おまもりの効果とシリルの考え

 結局、私とルナキシア殿下の好奇心で、色々な種類のおまもりを作ってしまった。



「カナ様。どう見ても失敗ですよ。本当に困ったものを作って下さいましたね……」


 ビスが私を恨めしい目で見ている。そしてキースも、カグヤの近衛騎士団長や、王太子秘書官も同様の表情だった。


「本当にごめんなさい……」


 私はおまもりに手を出したことを後悔していた。やるんじゃなかった……。



「死ね!」


「君が死ねばいいだろう!」


 王族とは思えない暴言を吐きながら、戦闘狂の二人が激しく応戦している。


 ラセルとルナキシア殿下は朝一番に稽古を開始し、夕方までほぼ休みなく打ち合いをしている。周りが「そろそろやめませんか?」と進言しても、聞く耳を持ってくれない。

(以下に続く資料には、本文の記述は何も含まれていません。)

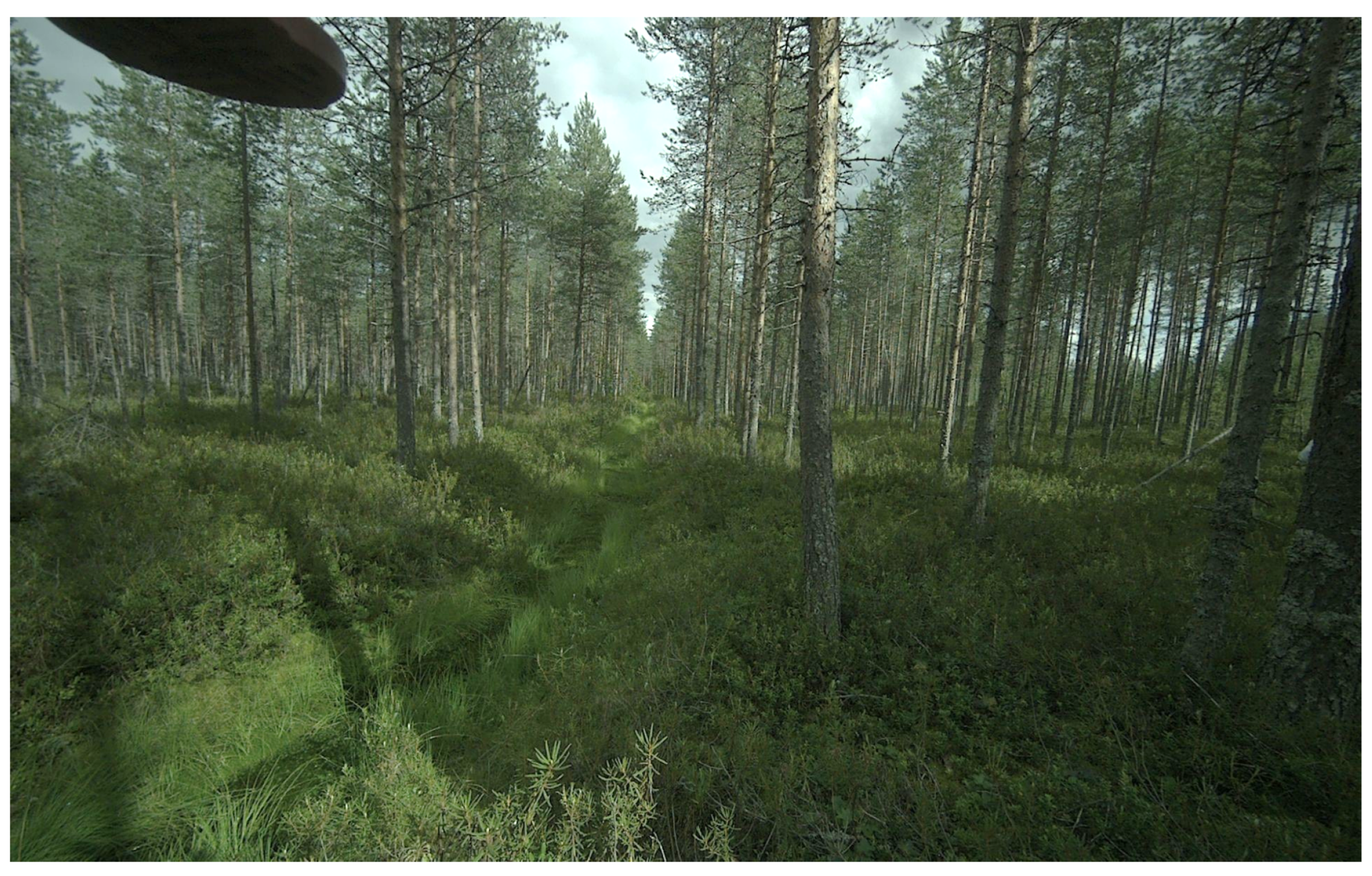 Drones 08 00577 g005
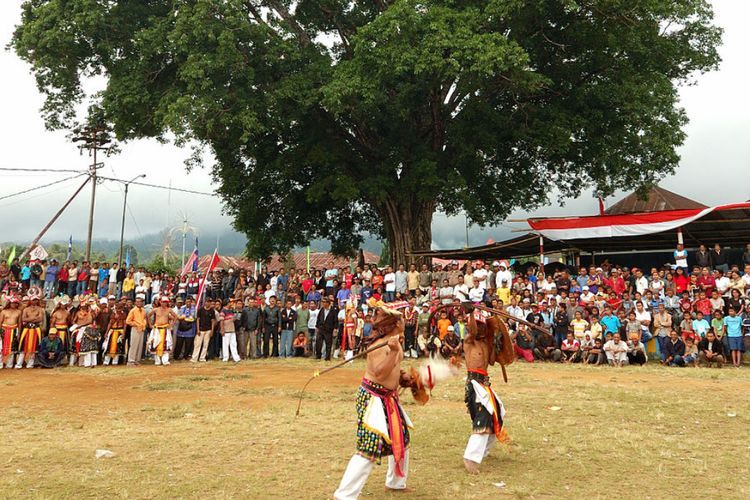 Tari Caci, Atraksi Pertarungan Para Pemuda di Flores
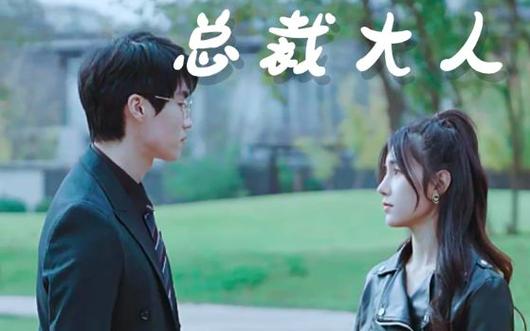 我的总裁大人 第21-40集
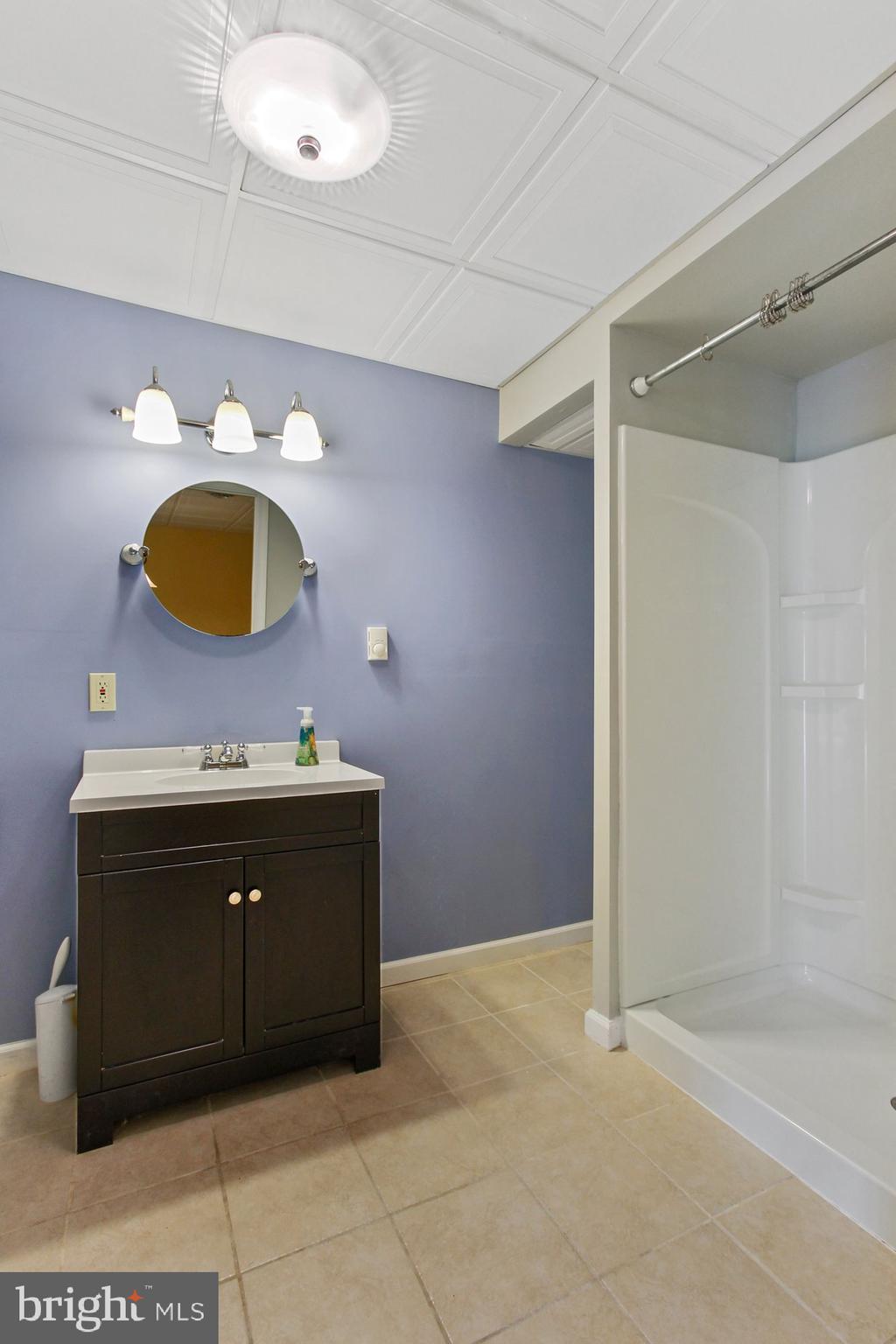 4205 Blue Hill Road Hanover, PA 17331 - Photo 39 of 68 Basement Full Bath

 二人が首からぶら下げているおまもりは、聖なる光の加護エクリプスディバインと、完全治癒パーフェクトヒール力を上昇させる術プリズムルミナのすべての魔術を付与したものだ。


 聖なる加護のおかげで打撃が致命傷にならず、さらに完全治癒の効果で、疲労と怪我が完全に回復してしまう。


 そして、力を上昇させる術を付与したおかげで、能力が想定を上回るほど上昇してしまった。二人の打ち合う衝撃に剣が耐えきれず、20本ほど剣が使いものにならなくなった。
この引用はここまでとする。